Outbreak of War & Call Up for the Armed Forces
The 3rd of September 1939. An announcement on the radio from the Prime Minister, Neville Chamberlain, which included the words “We are now at war with Germany.” Those were the fateful words which were broadcast to the nation on that beautiful sunny, Sunday morning. How many of us thought that it would be nearly six long and bitter years before we would be at peace again and how many would never see the end.
I was in our sailing club house on the beach at Eastbourne with all the members listening to the announcement. I don’t think it had sunk in what changes to my life this would bring. As soon as the announcement was over I, with several others, pushed off in our boats for the usual days sailing.
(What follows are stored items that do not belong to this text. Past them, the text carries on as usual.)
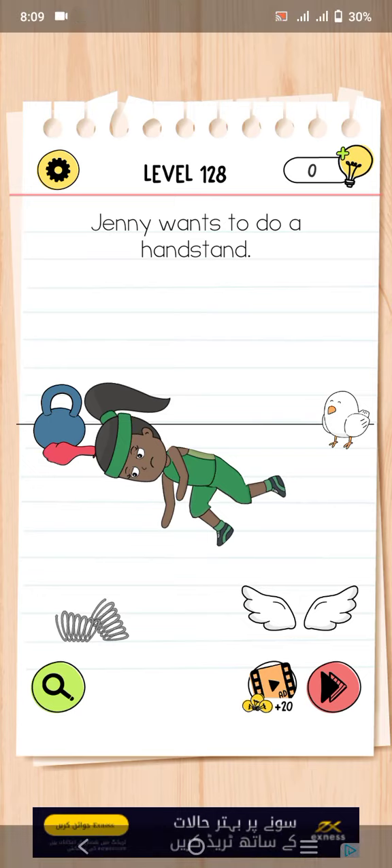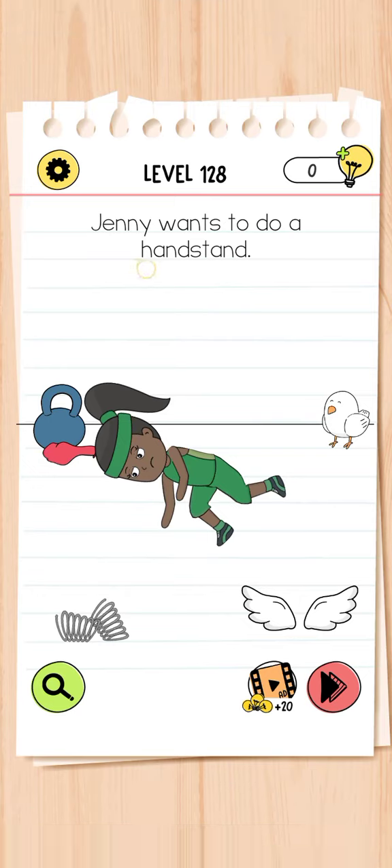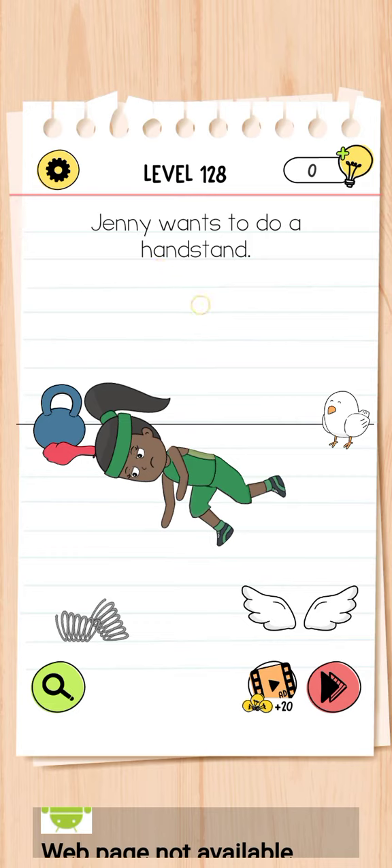Okay guys, welcome back to my YouTube channel. So Brain Test 4, level number 128. Genie wants to do both and stand. So guys, please start this.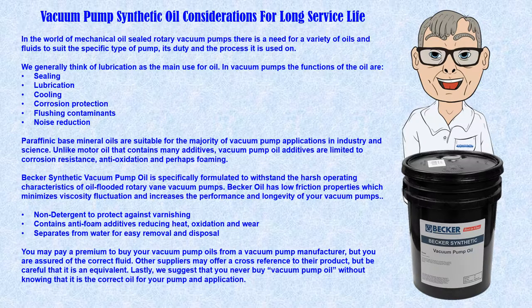Proper oil selection is critical for extended pump service life, and we suggest using synthetic oils, which provide for longer service life and better protection of the pump. Since a vacuum pump pulls in all the debris and contaminants, frequent inspection and replacement of filters is very important to extend service life.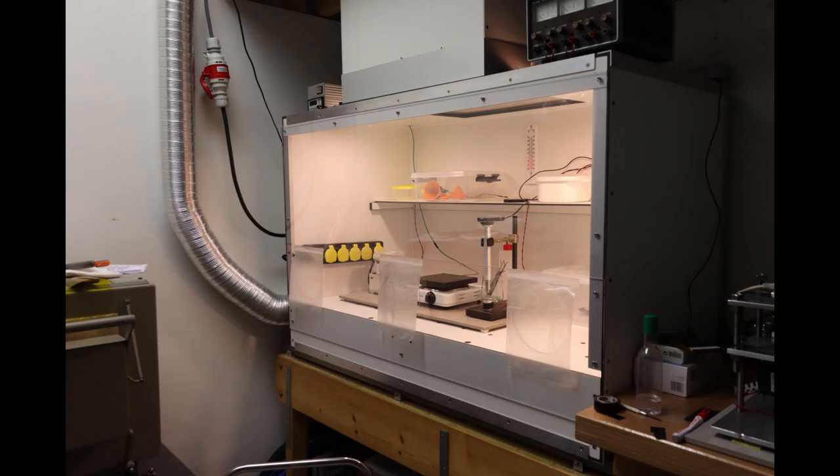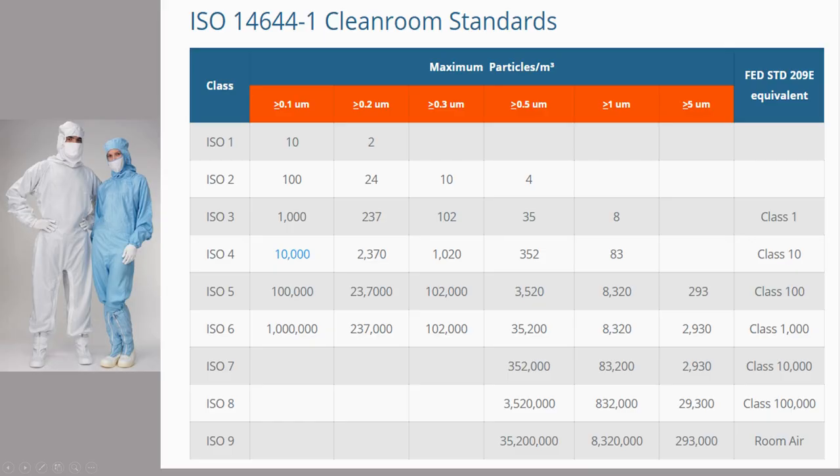Before I show you how I built it, just a short note on clean rooms and their classifications. As you can see here, there are tremendous differences between the number of airborne particles in plain room air and a high end clean room. For a class 1 clean room, the difference is even a factor of a million.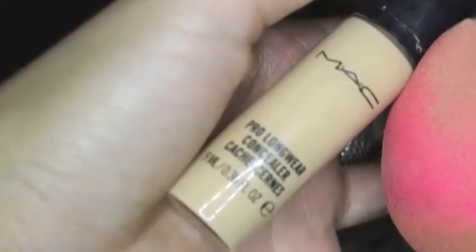Then just using my MAC Pro Longwear Concealer and my ring finger, I'm just going to be popping that underneath my eye and bringing it downward and just blending that in to highlight and cover up any dark circles.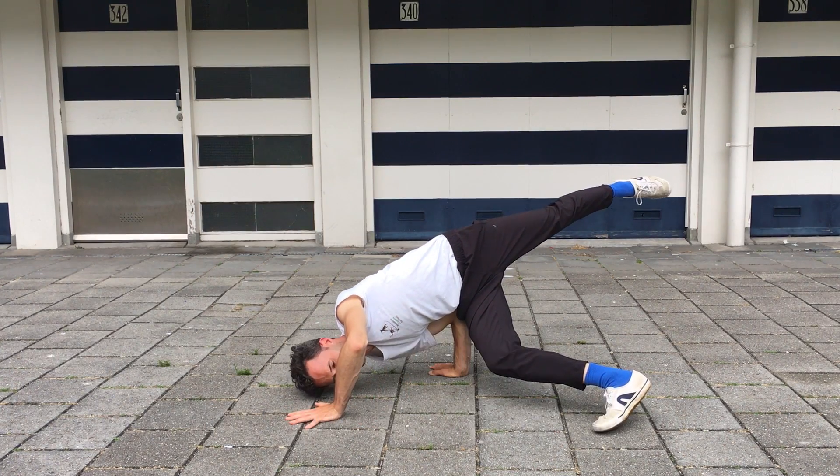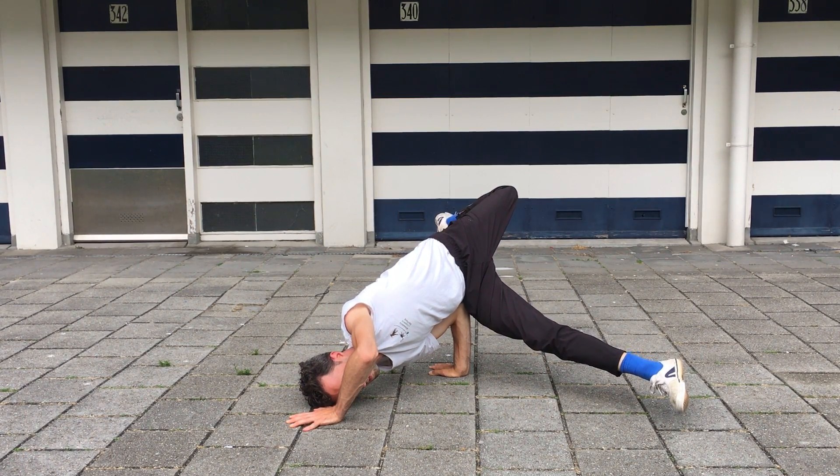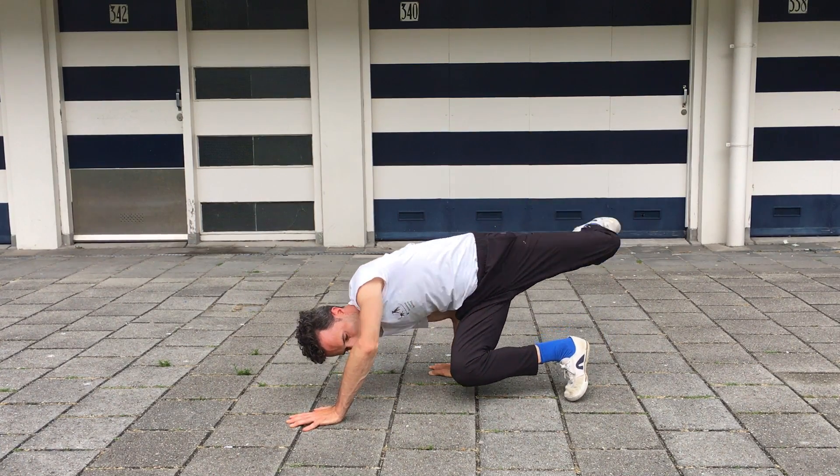Once you can feel that control, move to the next step — step three: lift both legs up. You have the choice to put your face on the floor or not. For balance training, I would recommend just standing on your hands, because you train more balance that way. It's not the only way, but if you want to train your balance skills, do that.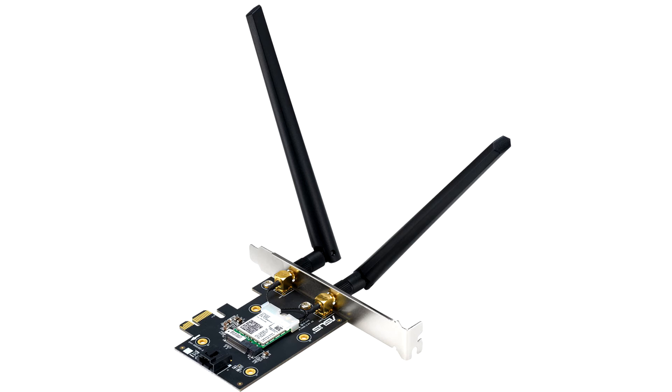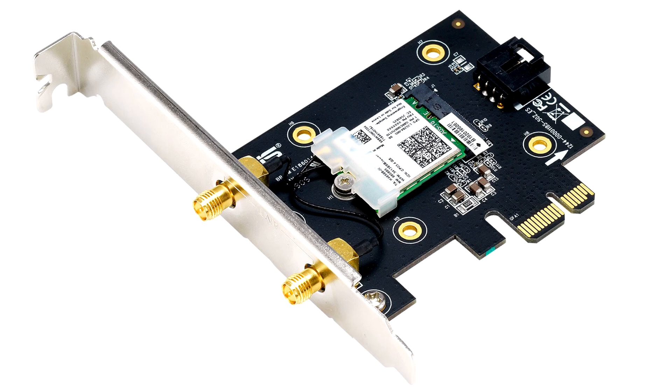A set of MU-MIMO antennas are included. Besides MU-MIMO, the card supports OFDMA for better collision prevention with other devices in the same channel, and WPA3 security protocol.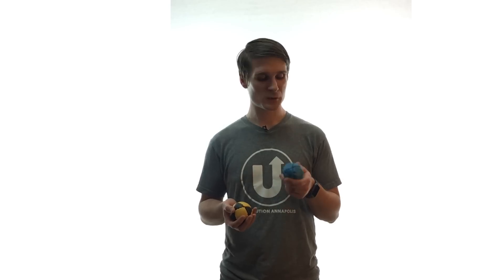One word of warning about the under-filled beanbags: unlike millet, which kind of shapes to your fingers and swishes around in the beanbag, those BBs don't really swish — they kind of go back and forth in the ball. You can definitely feel it. It's nothing to worry about, but it takes a little bit to get used to. Just so you can get an idea of that, here's what it sounds like.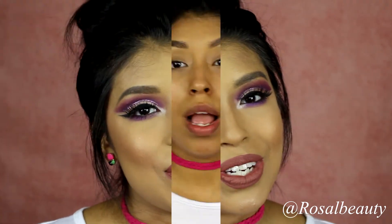Hi guys, welcome back to my channel! Today's tutorial is going to be on this look right here. As you can see, it's a very pretty purplish-pinkish — mostly purple — color, and we created this look using a spoon. If you want to learn how to do this look and how to use a spoon to create it, just continue watching.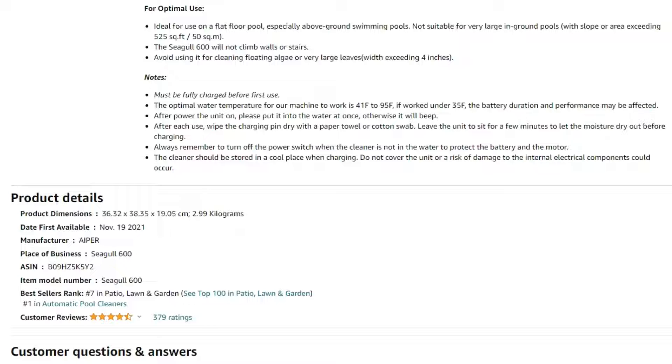After each use, wipe the charging pin dry with either a paper towel or a cotton swab. Wait a few minutes after this process before charging. The cleaner should be stored in a cool place for charging.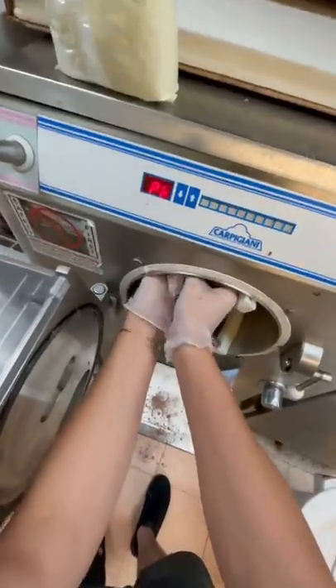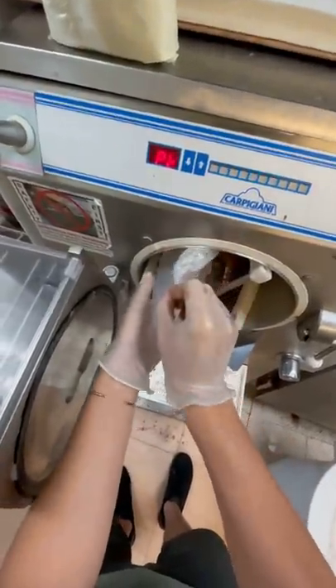They even let me make a batch of ice cream. This one's gonna be red velvet cake ice cream. It starts off with cocoa powder and then two bags of cake mix, and then we add in our flavoring and food coloring.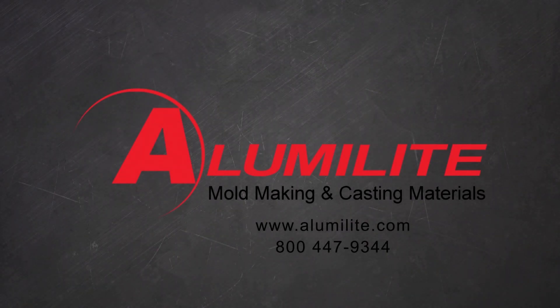For additional product information and video tutorials, visit our website moldputty.com. You can also give us a call at 1-800-447-9344.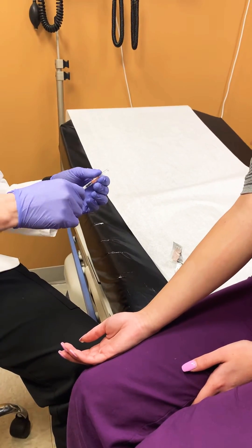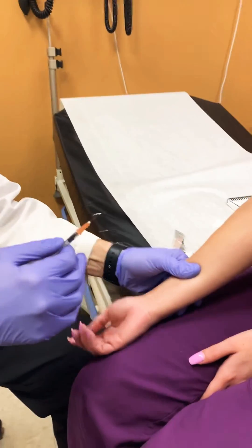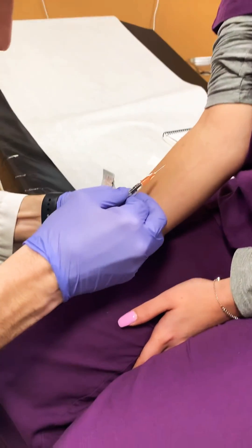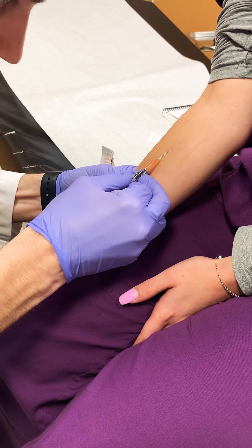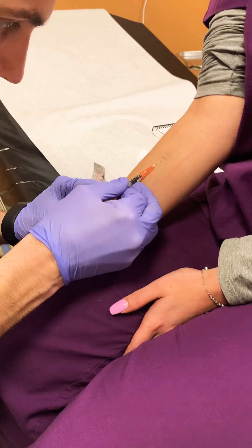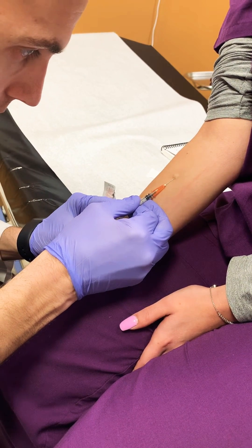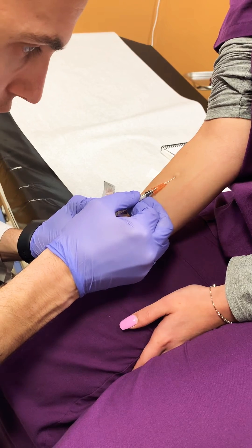When you inject the needle, you want to make sure that your bevel is up. As you can see, I'm creating a wheal by keeping my anchor hand very still and pushing on the plunger.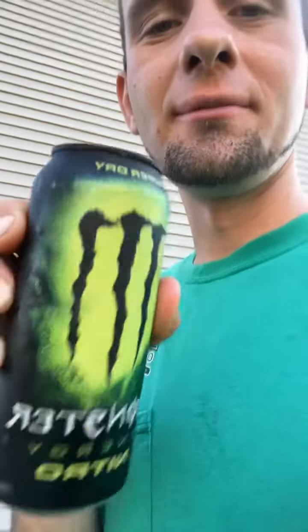This is super dry apparently, so it's not moist. I don't know how a drink can be dry, but it's not wet anyway — moist.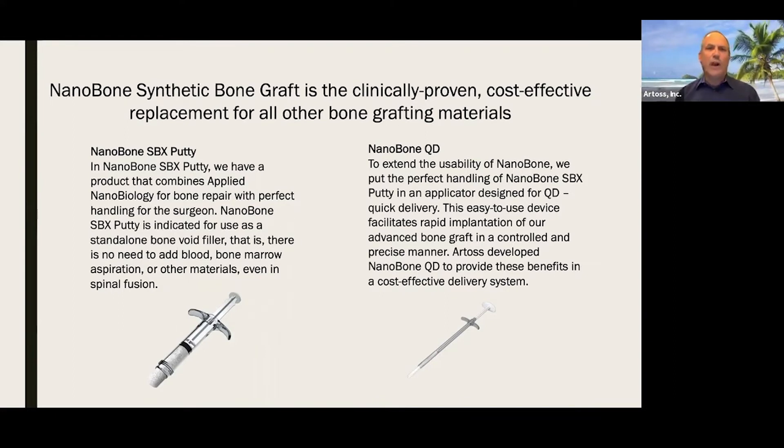You don't have to add blood, bone marrow aspirate, or any other material — even in spinal fusion, one of the more difficult places to get bone to grow. The QD is an iteration of the applicator. QD stands for quick delivery. It's preloaded with five cc's of the nanobone SPX putty and allows for precise and rapid placement of the bone graft into the surgical site.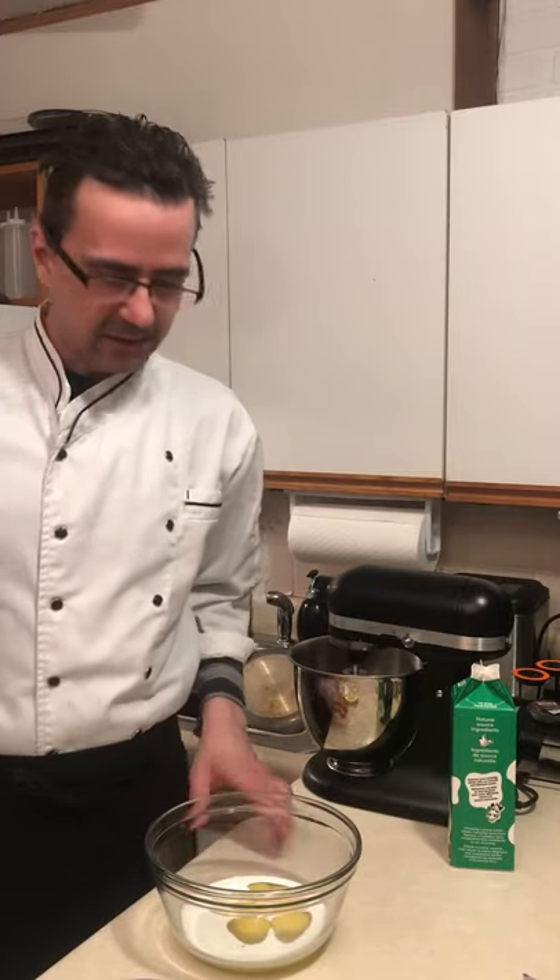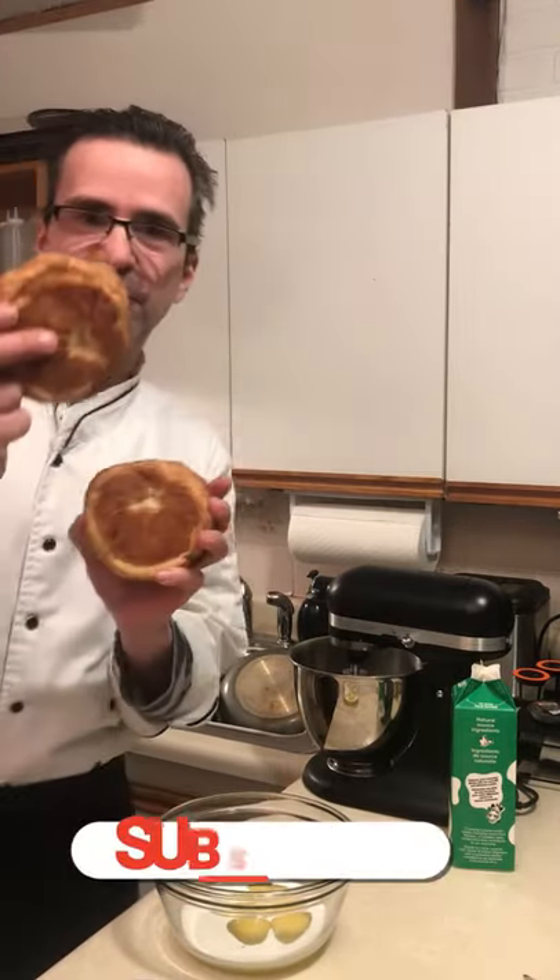Welcome to Beaumont's Cooking 101. Today it's all about the croissants — the French toast.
It was a lovely day with a good steady sailing breeze. We hadn’t gone 500 yards when the air raid sirens started wailing the warning signal. (It turned out that they went off all over the country as a test). We didn’t know then and thought “Blimey they soon got over here”, but we kept on sailing as we thought it was no use going back; there was no time to get to shore before the planes could arrive and we would be just as safe where we were anyway. Within a few minutes the all clear was sounded.
On the 18th of September, two days after my 21st birthday, I received by post an official letter from the War Department stating that I was to attend for a medical examination for the Armed Forces at Hastings on the 25th of September. On the day, I arrived at Hastings in high spirits. It was a good job that I didn’t know what was in store for me in the future or I wouldn’t have been so eager to join up. Arriving at the centre we had a very thorough medical test, which I passed A1. I then signed a form stating which Armed Service I wanted to join, Army, Navy or Air Force.
Naturally I wanted to get into the Navy, so I signed accordingly, with a second choice of the Royal Tank Corps, as it was then called. I then received the princely sum of one shilling, plus five shillings extra expenses, which works out at 30p at today’s rate. I was still in pocket at that time though.
On the 11th of October I received my enlistment notice to report to Chichester, Sussex for service in the Royal Sussex Regiment on the 16th of October 1939 at 10am. So much for me signing for the Navy or the Tank Corps. The last unit I wanted to be in was the Infantry. (Still I suppose walking keeps you fit!). I was also sent a P.O. for four shillings (20p) advance pay. I was rich.